About this task - Only the text of the records belongs in the answer, copied exactly and without pictures.

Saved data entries
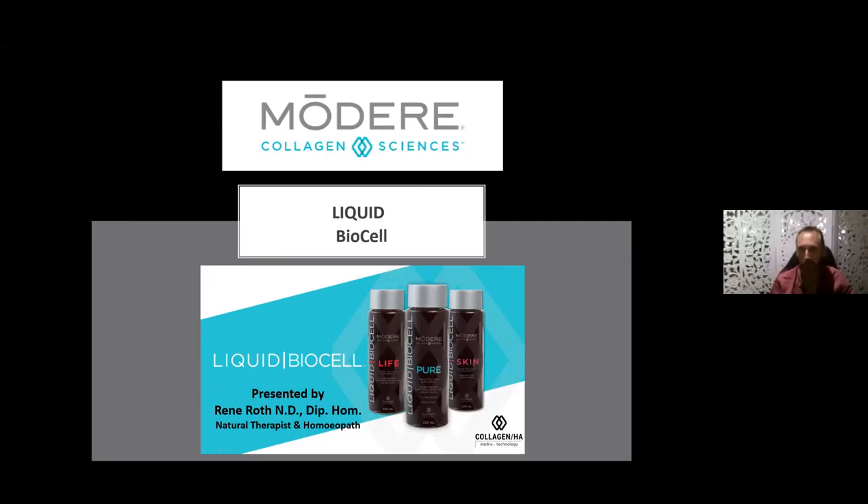Welcome everyone to tonight's presentation. My name is Renee Roth. I'm a natural therapist and homeopath, having been in practice for 37 years, and have been utilizing these Modere products for the last 23 years. Many of us say 'this is my favorite product,' and yes, I do have a few favorites, but this genuinely is one of my favorites — the Modere Collagen Sciences range.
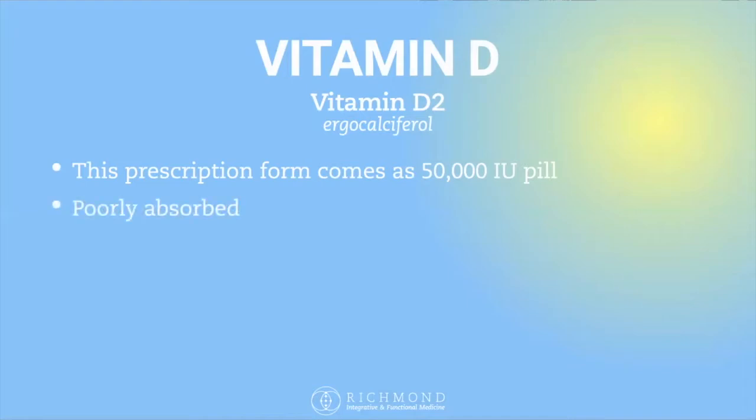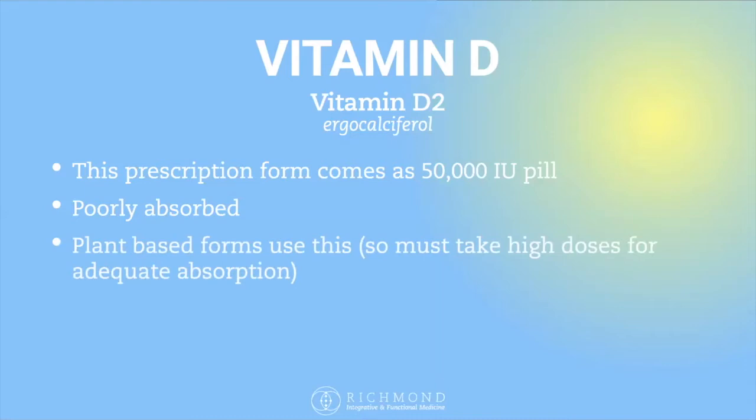They're the green capsules you'll sometimes see. However, vitamin D2 is poorly absorbed. Your body also has to convert vitamin D2 to vitamin D3, and for some people this conversion process is genetically a very slow process. It's also a plant-based form, so you have to take higher doses to get adequate absorption.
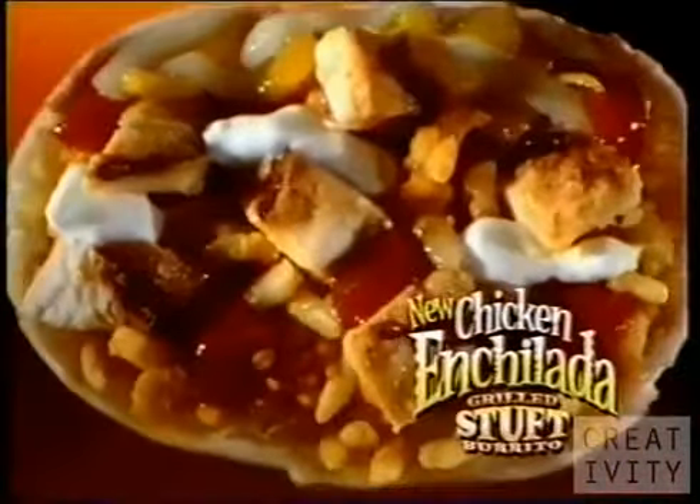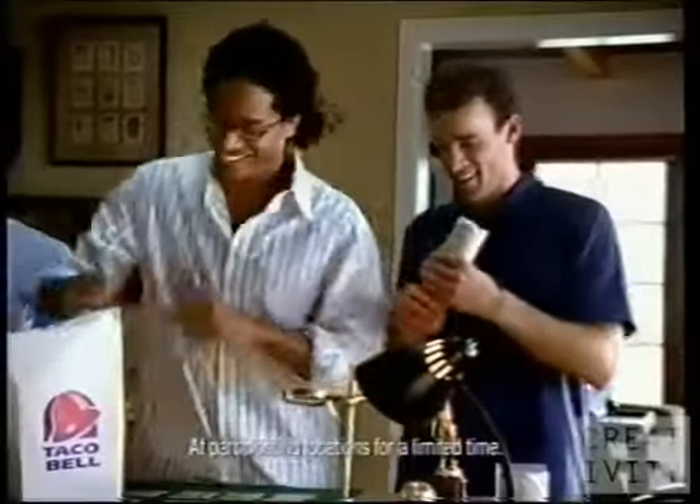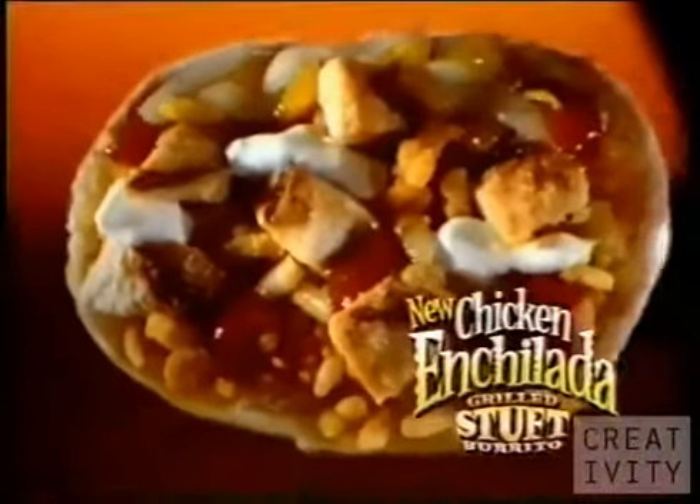The Chicken Enchilada Grilled Stuffed Burrito. How about this one? Oh, don't touch. Hey, guys. Chicken enchiladas. Smothered and melty, saucy, cheesy goods. Smothered? On the inside. The Chicken Enchilada Grilled Stuffed Burrito from Taco Bell.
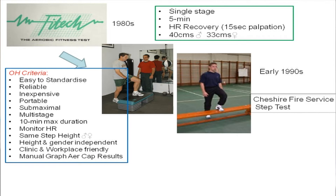So these are some of the criteria that were suggested and I had to work around. First of all, it had to be easy to standardise, it had to be reliable, it had to be inexpensive and portable so people could be moved around and the testers could go around different stations. It had to be submaximal — the medics were keen for it to be a submaximal exercise. It had to be multi-stage therefore, so instead of being single stage as was Phytek, this was a multi-stage incremental step test.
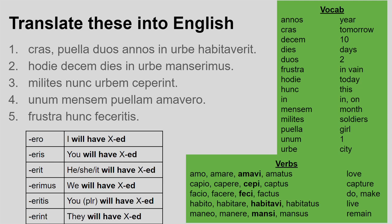Number three: milites nunc urbem ceperint. This one is a classic Latin arrangement — connectives are often the second word in the sentence, and here I have that with nunc, which you can translate as now or by now. The verb at the end is ceperint — third person plural future perfect — they will have captured. That's quite irregular for the third principal part, so do make sure you learn them. I need a nominative plural to match my verb ending: milites means the soldiers. Altogether: the soldiers will now have captured the city.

Solved exercise -
Welcome everyone to tonight's presentation. My name is Renee Roth. I'm a natural therapist and homeopath, having been in practice for 37 years, and have been utilizing these Modere products for the last 23 years. Many of us say 'this is my favorite product,' and yes, I do have a few favorites, but this genuinely is one of my favorites — the Modere Collagen Sciences range.
They're the green capsules you'll sometimes see. However, vitamin D2 is poorly absorbed. Your body also has to convert vitamin D2 to vitamin D3, and for some people this conversion process is genetically a very slow process. It's also a plant-based form, so you have to take higher doses to get adequate absorption.
The Chicken Enchilada Grilled Stuffed Burrito. How about this one? Oh, don't touch. Hey, guys. Chicken enchiladas. Smothered and melty, saucy, cheesy goods. Smothered? On the inside. The Chicken Enchilada Grilled Stuffed Burrito from Taco Bell.
So these are some of the criteria that were suggested and I had to work around. First of all, it had to be easy to standardise, it had to be reliable, it had to be inexpensive and portable so people could be moved around and the testers could go around different stations. It had to be submaximal — the medics were keen for it to be a submaximal exercise. It had to be multi-stage therefore, so instead of being single stage as was Phytek, this was a multi-stage incremental step test.
Number three: milites nunc urbem ceperint. This one is a classic Latin arrangement — connectives are often the second word in the sentence, and here I have that with nunc, which you can translate as now or by now. The verb at the end is ceperint — third person plural future perfect — they will have captured. That's quite irregular for the third principal part, so do make sure you learn them. I need a nominative plural to match my verb ending: milites means the soldiers. Altogether: the soldiers will now have captured the city.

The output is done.